Here at Dealbreaker, we don’t exactly have a perfect record in predicting the success of slapdash rewritings of the tax code, at least in Congress. So in spite of the support of the mercurial Kyrsten Sinema for this one, well, we just have a bad feeling.
Senate Democrats announced a 15% minimum tax on large companies’ income on Tuesday, winning support from a key moderate lawmaker, as they try to generate enough money to pay for President Biden’s social-spending and climate-change agenda…. Manufacturers and tech companies could be among those hardest hit by the plan, because the tax breaks they currently benefit from, such as expensing capital investments or stock options, would effectively be limited…. Affected companies would still receive the benefit of a range of tax credits available to businesses, including breaks for spending on research and development, affordable housing and clean energy initiatives that would let them push their tax rates below 15%. Those exceptions could mean that some profitable companies could still report zero tax bills.
The Wyden plan would impose a one-time tax on unrealized gains to date, and then create an annual tax on each billionaire’s gain in net worth. The proposal is expected to address losses, illiquid assets and enforcement. The plan is expected to require annual taxes on publicly traded assets, even if they aren’t sold. Illiquid assets would likely be taxed when sold, but with an added charge to make up for the ability to defer the tax.

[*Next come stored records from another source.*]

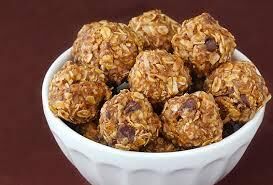 The Real Food Academy power energy balls on a pink plate.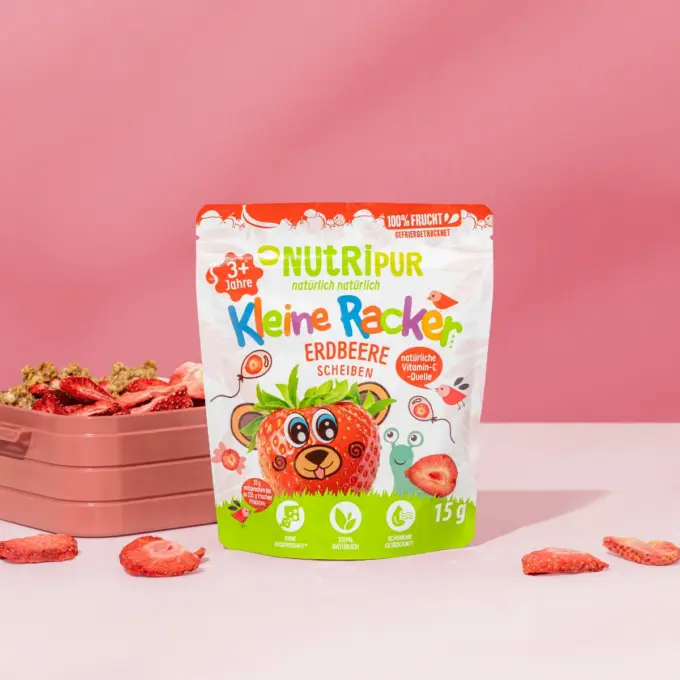 Bild zeigt die kleinen Racker der Sorte Erdbeere von Nutripur mit Verpackung und Brotdose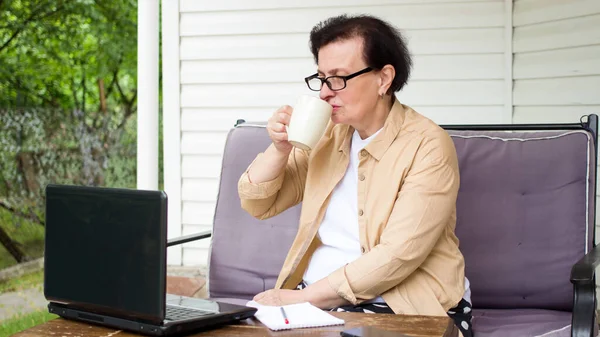 노인 여성이 커피를 마시고 노트북 컴퓨터 화면을 보고, 집 앞 테라스에 앉아 있습니다. 조용 한 브루 네트 성숙 한 여성, 정원에서 편안하게 잔을 들고, 뉴스를 보고, 온라인 웹 사이트, 비디오 — 스톡 사진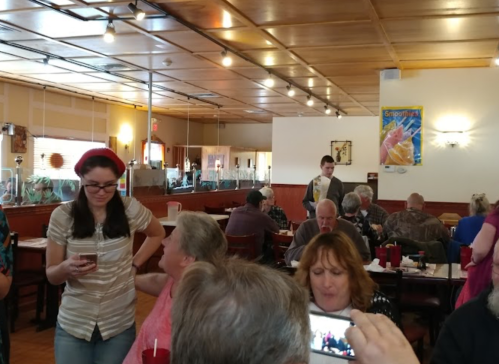 A busy restaurant scene with diners at tables, a woman standing with a phone, and a waiter in the background.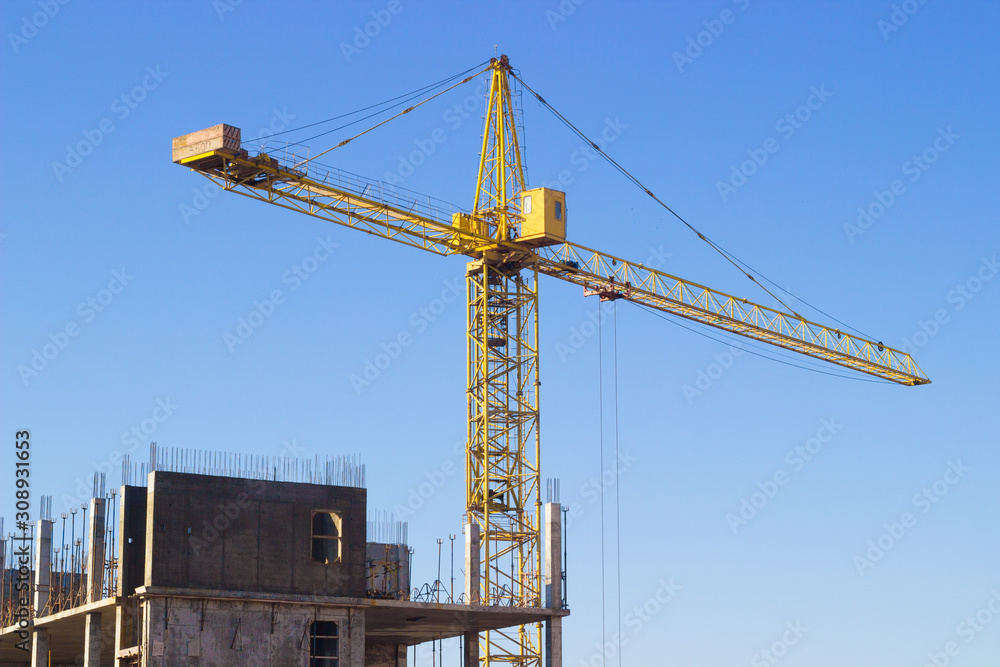 bright yellow construction crane against the blue sky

Here’s the potential problem: The Constitution gives Congress broad powers to impose taxes, but also restricts how taxes can be imposed. It includes a requirement that “direct taxes”—a term without a clear definition—be apportioned among the states, such that each state’s residents pay a share of the tax payments that is equal to its share of the population.
It's almost as if this isn’t the best way to run a country and the fundamental structures of American governance are irreparably broken.